An exact transcription of every record below is required, with the pictures left out.
>>>
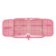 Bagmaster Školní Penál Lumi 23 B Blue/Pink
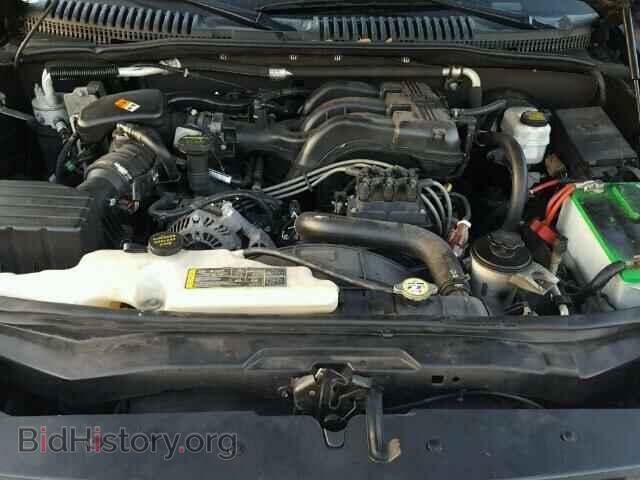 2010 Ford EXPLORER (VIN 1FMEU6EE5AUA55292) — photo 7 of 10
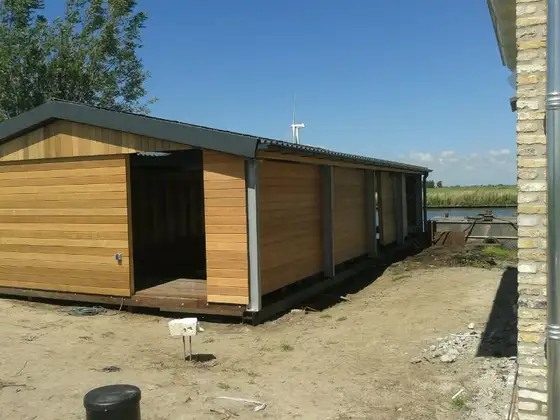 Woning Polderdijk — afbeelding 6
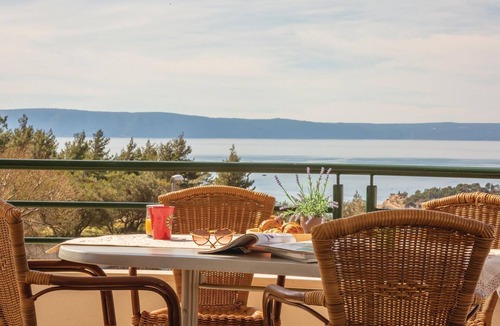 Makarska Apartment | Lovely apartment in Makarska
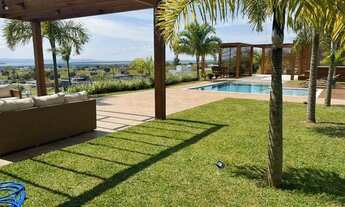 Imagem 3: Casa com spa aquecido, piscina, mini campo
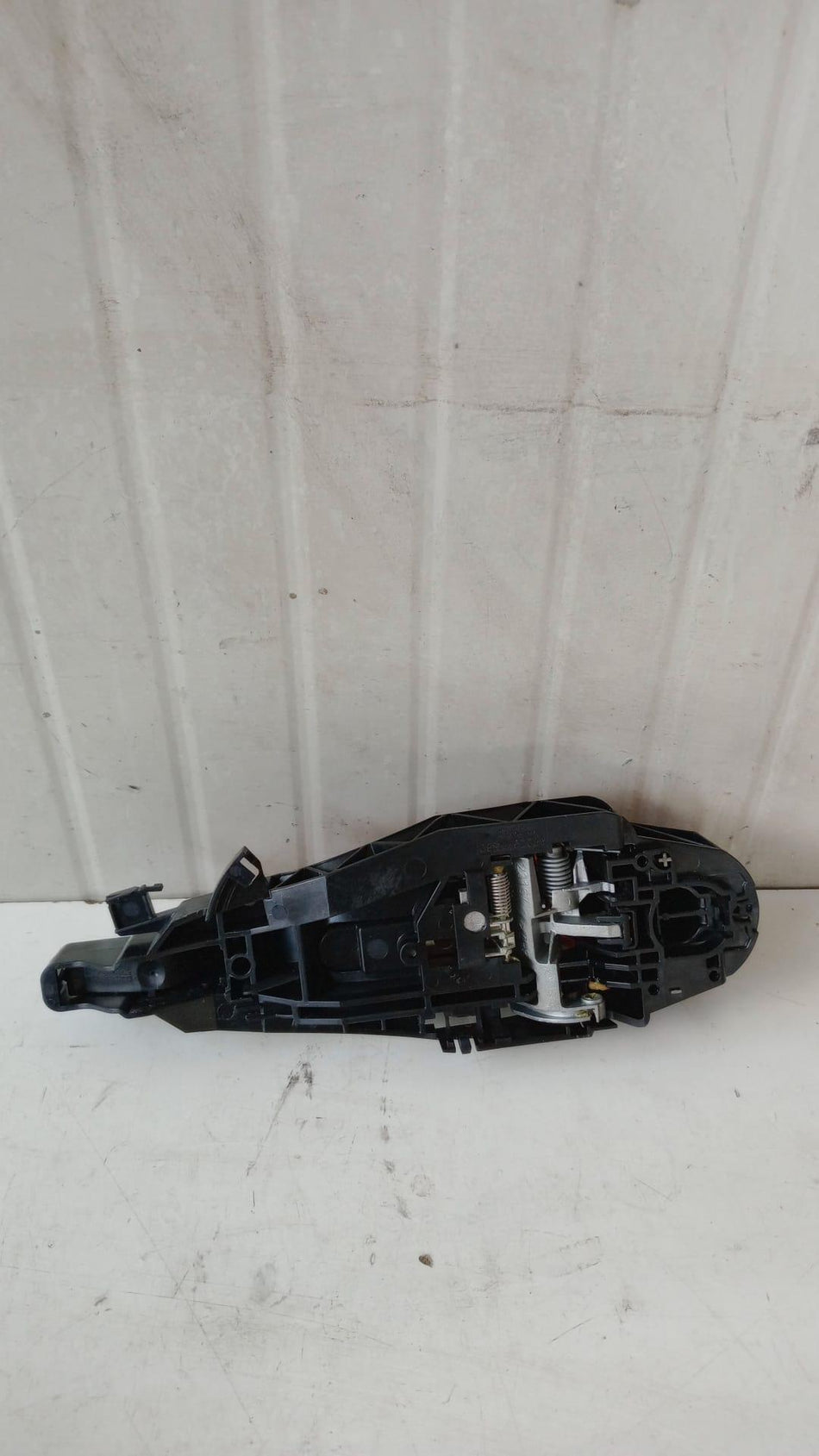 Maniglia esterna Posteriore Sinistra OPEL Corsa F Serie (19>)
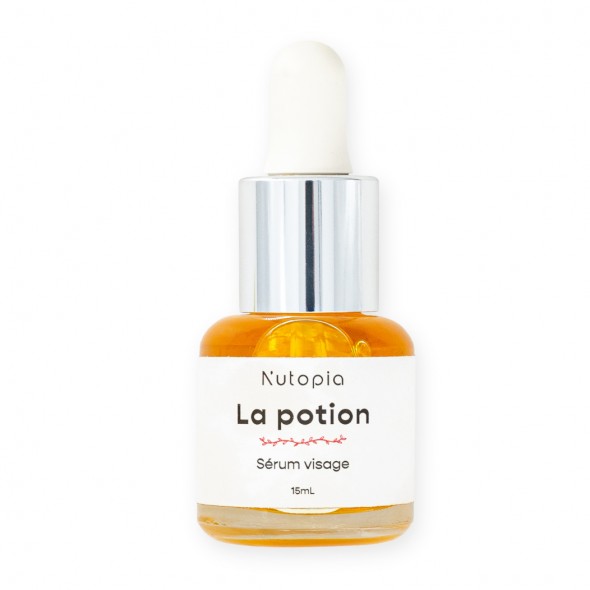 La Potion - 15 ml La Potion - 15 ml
<<<
● **EXPECTED OUTPUT**:
 Bagmaster Školní Penál Lumi 23 B Blue/Pink
 2010 Ford EXPLORER (VIN 1FMEU6EE5AUA55292) — photo 7 of 10
 Woning Polderdijk — afbeelding 6
 Makarska Apartment | Lovely apartment in Makarska
 Imagem 3: Casa com spa aquecido, piscina, mini campo
 Maniglia esterna Posteriore Sinistra OPEL Corsa F Serie (19>)
 La Potion - 15 ml La Potion - 15 ml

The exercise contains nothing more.